RECORDED DATA:

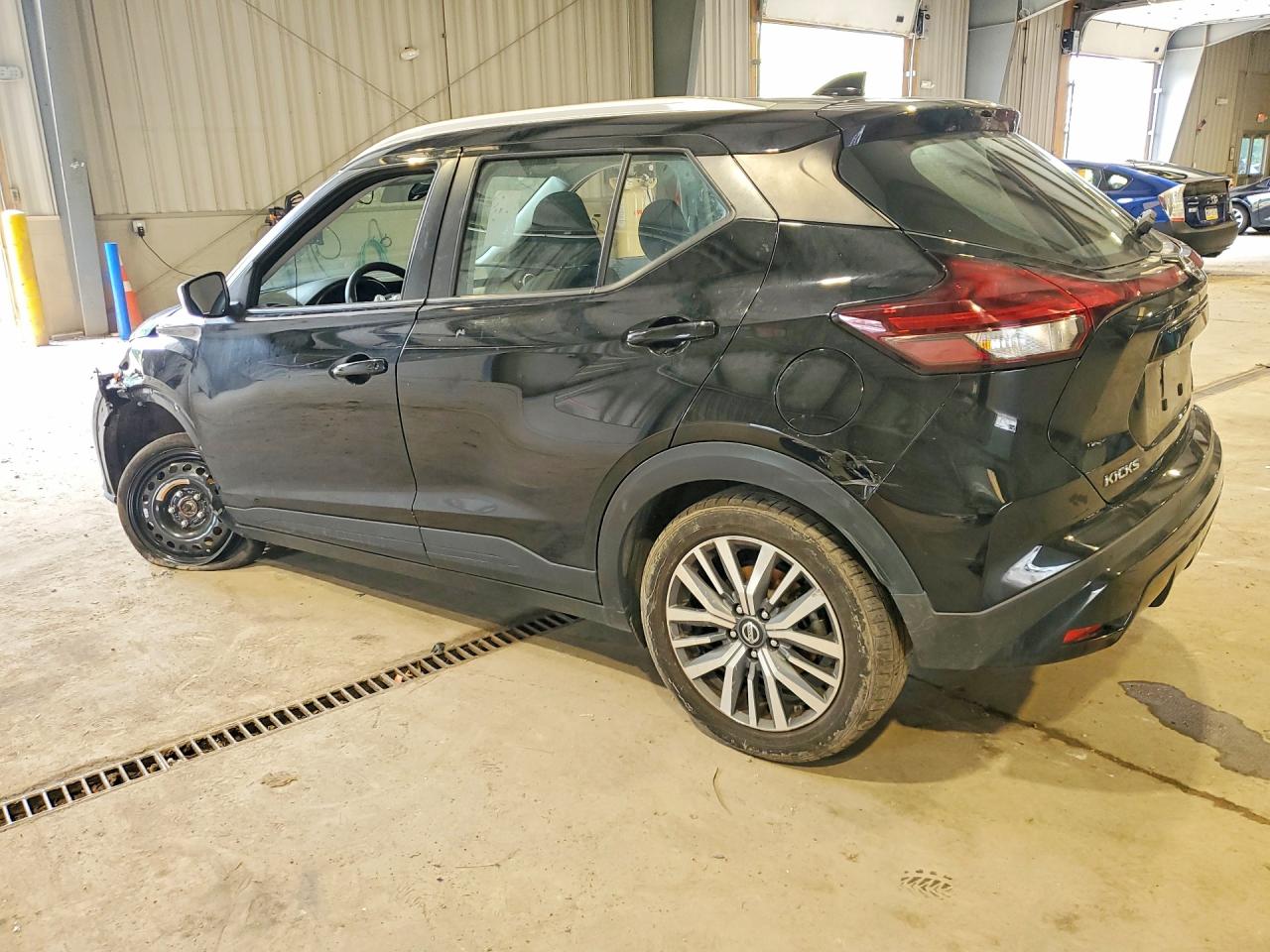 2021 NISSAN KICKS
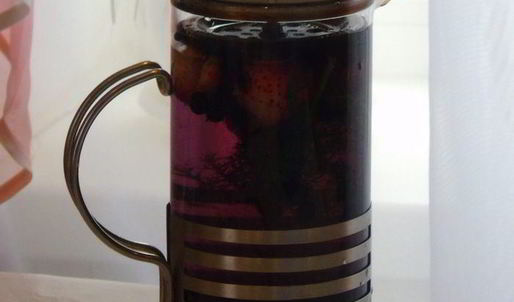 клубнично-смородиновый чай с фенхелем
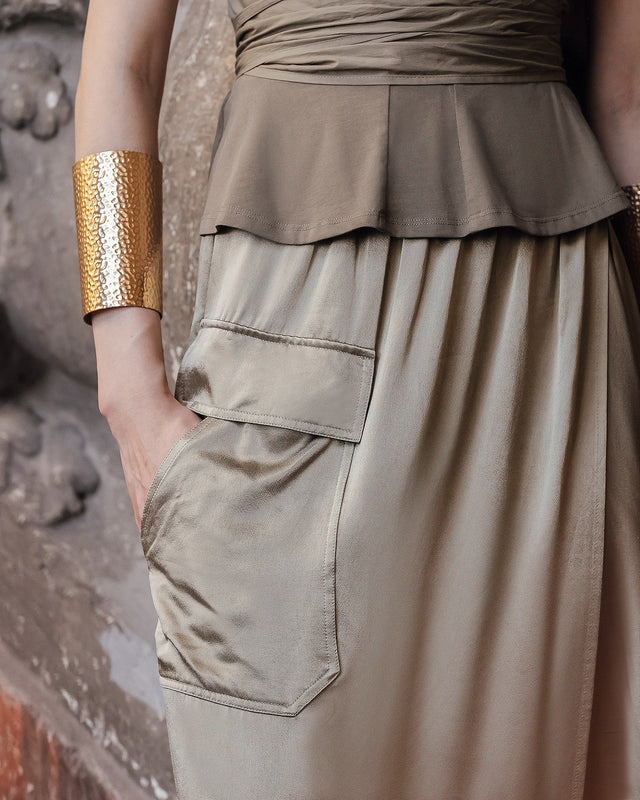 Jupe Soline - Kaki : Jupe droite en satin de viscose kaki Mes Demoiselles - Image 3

EXERCISE AIM:
Output exactly the lines from the one that has "клубнично-смородиновый чай с фенхелем" through the end of the data. Do not include pictures.

SOLUTION FOR THIS EXERCISE:
 клубнично-смородиновый чай с фенхелем
 Jupe Soline - Kaki : Jupe droite en satin de viscose kaki Mes Demoiselles - Image 3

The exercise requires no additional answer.